One of the organizational elements of their system was the idea of "zones". I don't know the specifics of the application as a whole, but we can broadly describe it thus:
The application oversaw the making of widgets. Widgets could be assigned to one or more zones. A finished product requires a set of widgets. Thus, the finished product has a number of zones that's the union of all of the zones of its component widgets.
Which someone decided to handle this way:
zones.reduce((accumulator, currentValue) => accumulator = _.union(currentValue))

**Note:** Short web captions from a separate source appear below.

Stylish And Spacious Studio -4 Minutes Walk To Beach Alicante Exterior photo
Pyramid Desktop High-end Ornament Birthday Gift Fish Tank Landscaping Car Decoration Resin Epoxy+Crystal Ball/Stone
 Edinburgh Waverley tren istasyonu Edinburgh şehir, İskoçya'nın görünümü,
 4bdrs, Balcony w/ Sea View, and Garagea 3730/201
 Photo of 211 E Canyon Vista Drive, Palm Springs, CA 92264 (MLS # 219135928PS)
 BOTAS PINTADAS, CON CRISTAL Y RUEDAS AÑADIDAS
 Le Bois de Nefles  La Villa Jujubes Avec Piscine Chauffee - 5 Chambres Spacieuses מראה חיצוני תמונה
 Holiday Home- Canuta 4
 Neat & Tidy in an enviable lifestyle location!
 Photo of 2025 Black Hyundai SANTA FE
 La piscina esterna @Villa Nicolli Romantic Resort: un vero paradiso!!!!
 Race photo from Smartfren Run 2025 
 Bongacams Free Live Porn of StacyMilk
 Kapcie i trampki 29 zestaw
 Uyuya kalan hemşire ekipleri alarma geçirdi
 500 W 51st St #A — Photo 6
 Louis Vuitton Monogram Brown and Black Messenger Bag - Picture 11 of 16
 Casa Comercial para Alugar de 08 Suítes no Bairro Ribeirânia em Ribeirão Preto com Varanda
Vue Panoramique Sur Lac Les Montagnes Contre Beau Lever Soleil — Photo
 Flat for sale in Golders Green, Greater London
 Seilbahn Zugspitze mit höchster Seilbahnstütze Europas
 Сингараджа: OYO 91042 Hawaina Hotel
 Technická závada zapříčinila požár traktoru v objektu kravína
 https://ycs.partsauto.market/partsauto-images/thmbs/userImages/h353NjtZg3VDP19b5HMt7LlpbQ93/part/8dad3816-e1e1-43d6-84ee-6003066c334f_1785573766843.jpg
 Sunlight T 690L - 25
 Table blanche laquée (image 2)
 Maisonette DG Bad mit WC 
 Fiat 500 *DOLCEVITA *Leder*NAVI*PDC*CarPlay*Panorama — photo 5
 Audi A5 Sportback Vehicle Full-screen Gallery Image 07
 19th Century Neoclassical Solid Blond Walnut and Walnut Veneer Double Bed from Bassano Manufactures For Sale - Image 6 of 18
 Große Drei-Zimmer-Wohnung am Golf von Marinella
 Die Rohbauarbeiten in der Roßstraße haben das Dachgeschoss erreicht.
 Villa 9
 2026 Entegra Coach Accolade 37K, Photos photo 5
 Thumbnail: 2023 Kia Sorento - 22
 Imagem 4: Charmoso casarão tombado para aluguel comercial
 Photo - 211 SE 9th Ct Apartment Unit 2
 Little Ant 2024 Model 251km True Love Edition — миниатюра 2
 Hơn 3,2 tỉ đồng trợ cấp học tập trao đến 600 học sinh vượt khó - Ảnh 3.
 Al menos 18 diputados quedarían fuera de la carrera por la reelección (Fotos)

So, we reduce across zones
(which is an array of arrays, where the innermost arrays contain zone names, like zone-0
, zone-1
). In each step we union
it with… nothing. The LoDash union function expects an array of arrays, and returns an array that's the union of all its inputs. This isn't how that function is meant to be used, but the behavior from this incorrect usage was that accumulator
would end up holding the last element in zones
. Which actually worked until recently, because until recently no one was splitting products across zones. When all the inputs were in the same zone, grabbing the last one was just fine.
The code had been like this for years. It was only just recently, as the company expanded, that it became problematic. The fix, at least, was easy- drop the reduce
and just union
correctly.

This post originally appeared on The Daily WTF.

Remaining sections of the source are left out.